OUGANDA
Le cadre juridique de la liberté religieuse et son application effective
La Constitution ougandaise interdit toute forme de discrimination religieuse et dispose qu’il ne peut y avoir de religion d’État.
L’article 29, alinéa 1er, point c, de la Constitution reconnaît aux ougandais la « liberté de pratiquer toute religion et de la manifester par la pratique, ce qui comprend le droit de participer aux pratiques de toute organisation religieuse d’une manière compatible avec la présente Constitution »[1].
Bien que les citoyens ougandais puissent jouir de la liberté de pensée, de conscience et de croyance, le gouvernement peut limiter ces droits par des « mesures raisonnablement justifiables pour faire face à un état d’urgence » (article 46, alinéa 2)[2].
La Constitution prohibe la création de partis politiques sur une base religieuse (article 71, alinéa 1er, point b). Les groupes religieux sont tenus de s’enregistrer auprès du Bureau ougandais des services d’enregistrement afin d’obtenir un statut juridique. Pour pouvoir agir, ils doivent également obtenir une licence du ministère de l’Intérieur. Cependant, le gouvernement n’applique pas strictement les exigences de la loi aux grands groupes religieux tels que les Églises catholique, anglicane, orthodoxe et adventiste du septième jour ainsi que l’UMSC (Conseil suprême des musulmans d’Ouganda)[3].

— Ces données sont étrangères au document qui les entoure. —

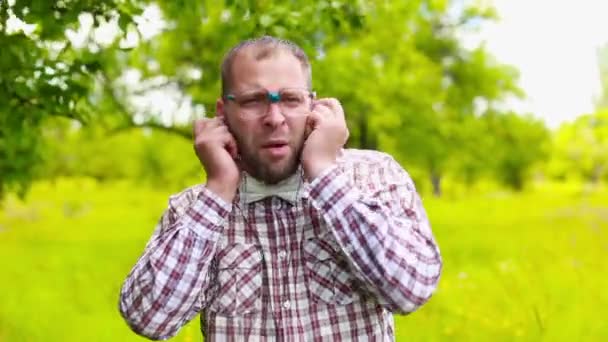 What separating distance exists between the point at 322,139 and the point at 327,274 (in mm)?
462

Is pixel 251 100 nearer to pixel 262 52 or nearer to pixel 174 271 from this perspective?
pixel 262 52

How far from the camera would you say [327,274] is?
2.49m

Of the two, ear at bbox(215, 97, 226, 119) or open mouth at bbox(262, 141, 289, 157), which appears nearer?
open mouth at bbox(262, 141, 289, 157)

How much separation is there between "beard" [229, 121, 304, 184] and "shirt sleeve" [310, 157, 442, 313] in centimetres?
16

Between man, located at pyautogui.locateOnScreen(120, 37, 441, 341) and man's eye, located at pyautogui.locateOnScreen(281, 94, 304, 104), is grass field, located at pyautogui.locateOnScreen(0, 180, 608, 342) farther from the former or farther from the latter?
man's eye, located at pyautogui.locateOnScreen(281, 94, 304, 104)

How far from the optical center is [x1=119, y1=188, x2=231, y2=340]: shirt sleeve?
2391 millimetres

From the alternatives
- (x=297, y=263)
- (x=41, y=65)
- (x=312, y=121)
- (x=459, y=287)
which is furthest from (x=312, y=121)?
(x=459, y=287)

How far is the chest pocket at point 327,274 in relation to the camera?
2.49m

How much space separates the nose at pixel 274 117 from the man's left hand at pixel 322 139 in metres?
0.11

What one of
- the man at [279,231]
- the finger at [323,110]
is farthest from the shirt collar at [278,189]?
the finger at [323,110]

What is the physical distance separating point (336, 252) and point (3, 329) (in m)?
6.01

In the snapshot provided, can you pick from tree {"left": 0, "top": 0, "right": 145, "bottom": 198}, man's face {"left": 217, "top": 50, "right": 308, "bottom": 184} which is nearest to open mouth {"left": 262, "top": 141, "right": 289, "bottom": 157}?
man's face {"left": 217, "top": 50, "right": 308, "bottom": 184}

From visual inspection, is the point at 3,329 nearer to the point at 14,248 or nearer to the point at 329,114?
the point at 329,114

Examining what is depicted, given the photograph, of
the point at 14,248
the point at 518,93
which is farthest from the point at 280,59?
the point at 518,93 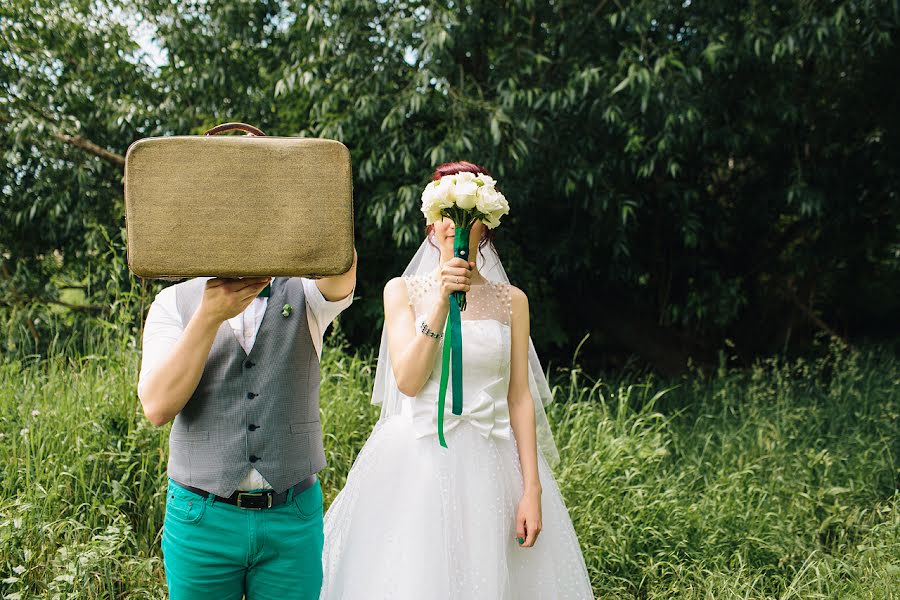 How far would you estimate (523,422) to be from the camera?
2357mm

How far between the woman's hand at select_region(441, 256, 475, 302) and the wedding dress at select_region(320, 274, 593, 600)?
0.65ft

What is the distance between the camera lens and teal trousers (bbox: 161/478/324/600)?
1.78m

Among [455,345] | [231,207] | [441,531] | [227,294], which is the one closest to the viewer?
[231,207]

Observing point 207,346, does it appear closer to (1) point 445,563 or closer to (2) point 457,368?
(2) point 457,368

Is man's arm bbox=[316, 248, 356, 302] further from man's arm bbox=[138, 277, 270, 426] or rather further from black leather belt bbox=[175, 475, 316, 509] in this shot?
black leather belt bbox=[175, 475, 316, 509]

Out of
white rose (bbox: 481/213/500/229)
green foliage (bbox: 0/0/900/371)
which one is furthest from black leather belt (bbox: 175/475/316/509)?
green foliage (bbox: 0/0/900/371)

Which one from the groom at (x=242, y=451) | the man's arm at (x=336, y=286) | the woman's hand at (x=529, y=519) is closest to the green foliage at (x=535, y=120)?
the groom at (x=242, y=451)

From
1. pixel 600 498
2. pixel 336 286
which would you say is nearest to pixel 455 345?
pixel 336 286

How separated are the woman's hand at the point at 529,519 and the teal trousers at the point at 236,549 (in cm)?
65

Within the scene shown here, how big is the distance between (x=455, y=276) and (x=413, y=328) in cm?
33

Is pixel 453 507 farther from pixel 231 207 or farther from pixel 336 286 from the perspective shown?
pixel 231 207

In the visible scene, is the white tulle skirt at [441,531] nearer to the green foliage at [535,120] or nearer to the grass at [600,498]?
the grass at [600,498]

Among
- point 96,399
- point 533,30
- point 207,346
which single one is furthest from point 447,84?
point 207,346

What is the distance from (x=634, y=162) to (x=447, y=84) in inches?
63.1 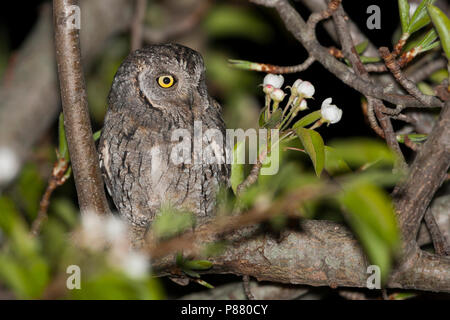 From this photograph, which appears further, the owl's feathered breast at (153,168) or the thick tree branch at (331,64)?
the owl's feathered breast at (153,168)

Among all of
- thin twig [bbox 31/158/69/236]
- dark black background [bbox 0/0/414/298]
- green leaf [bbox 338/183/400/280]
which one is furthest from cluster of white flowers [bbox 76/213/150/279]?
dark black background [bbox 0/0/414/298]

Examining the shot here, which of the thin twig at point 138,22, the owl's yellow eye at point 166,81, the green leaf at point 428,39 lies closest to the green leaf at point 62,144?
the owl's yellow eye at point 166,81

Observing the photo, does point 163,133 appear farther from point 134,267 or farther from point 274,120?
point 134,267

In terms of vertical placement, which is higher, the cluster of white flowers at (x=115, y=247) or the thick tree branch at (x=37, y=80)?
the thick tree branch at (x=37, y=80)

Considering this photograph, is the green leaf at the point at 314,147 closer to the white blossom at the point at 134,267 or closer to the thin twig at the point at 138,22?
the white blossom at the point at 134,267

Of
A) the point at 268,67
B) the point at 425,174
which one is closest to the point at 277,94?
the point at 268,67

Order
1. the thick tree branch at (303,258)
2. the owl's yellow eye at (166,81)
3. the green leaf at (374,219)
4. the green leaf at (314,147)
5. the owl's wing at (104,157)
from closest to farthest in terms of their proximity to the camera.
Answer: the green leaf at (374,219)
the green leaf at (314,147)
the thick tree branch at (303,258)
the owl's yellow eye at (166,81)
the owl's wing at (104,157)

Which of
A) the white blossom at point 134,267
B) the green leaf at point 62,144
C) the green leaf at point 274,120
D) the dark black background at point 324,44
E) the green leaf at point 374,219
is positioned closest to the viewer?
the green leaf at point 374,219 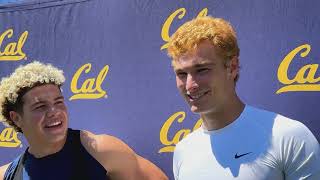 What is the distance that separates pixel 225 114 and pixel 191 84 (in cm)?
15

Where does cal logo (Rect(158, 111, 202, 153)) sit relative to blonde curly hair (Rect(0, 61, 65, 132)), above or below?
below

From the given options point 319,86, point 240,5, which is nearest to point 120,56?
point 240,5

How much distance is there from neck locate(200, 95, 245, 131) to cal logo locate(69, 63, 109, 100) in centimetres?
120

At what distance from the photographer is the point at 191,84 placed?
1.34m

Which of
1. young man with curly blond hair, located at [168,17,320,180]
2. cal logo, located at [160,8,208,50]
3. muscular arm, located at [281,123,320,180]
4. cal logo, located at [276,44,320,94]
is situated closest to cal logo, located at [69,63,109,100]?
cal logo, located at [160,8,208,50]

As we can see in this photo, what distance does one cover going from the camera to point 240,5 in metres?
2.06

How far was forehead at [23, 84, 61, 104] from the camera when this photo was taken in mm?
2031

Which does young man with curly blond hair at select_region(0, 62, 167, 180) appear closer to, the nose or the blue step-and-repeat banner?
the blue step-and-repeat banner

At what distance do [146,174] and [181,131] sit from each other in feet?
0.89

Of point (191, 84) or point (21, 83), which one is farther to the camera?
point (21, 83)

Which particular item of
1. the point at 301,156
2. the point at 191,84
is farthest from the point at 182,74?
the point at 301,156

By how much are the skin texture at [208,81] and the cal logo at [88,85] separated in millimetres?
1201

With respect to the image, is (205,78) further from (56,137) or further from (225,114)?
(56,137)

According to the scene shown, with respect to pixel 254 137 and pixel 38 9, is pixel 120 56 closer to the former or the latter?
pixel 38 9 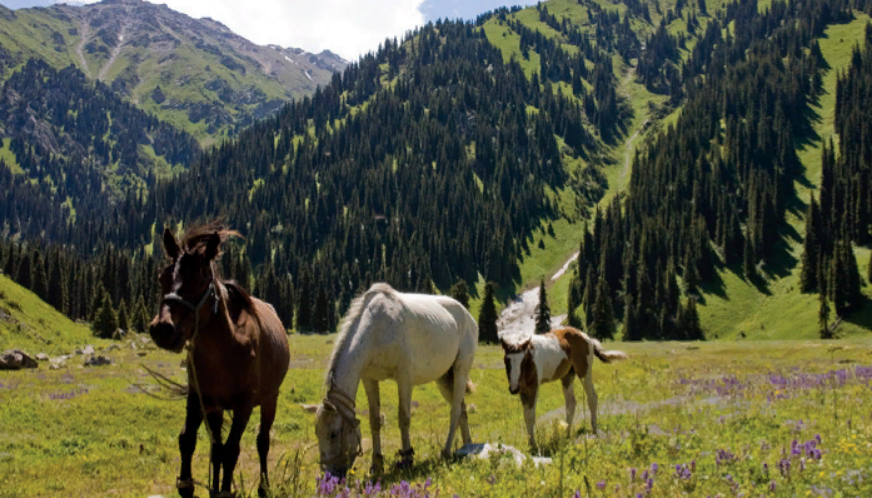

L’instruction religieuse est optionnelle dans les écoles secondaires publiques, et ces dernières peuvent choisir, le cas échéant, quelles religions intégrer dans leur programme scolaire[4].
La prédominance historique des Églises anglicane et catholique a été remise en question par le développement d’environ 40 000 groupes évangéliques et leur influence croissante dans les sphères politiques ougandaises[5]. Ce qui est préoccupant, cependant, c’est la croissance rapide des sectes.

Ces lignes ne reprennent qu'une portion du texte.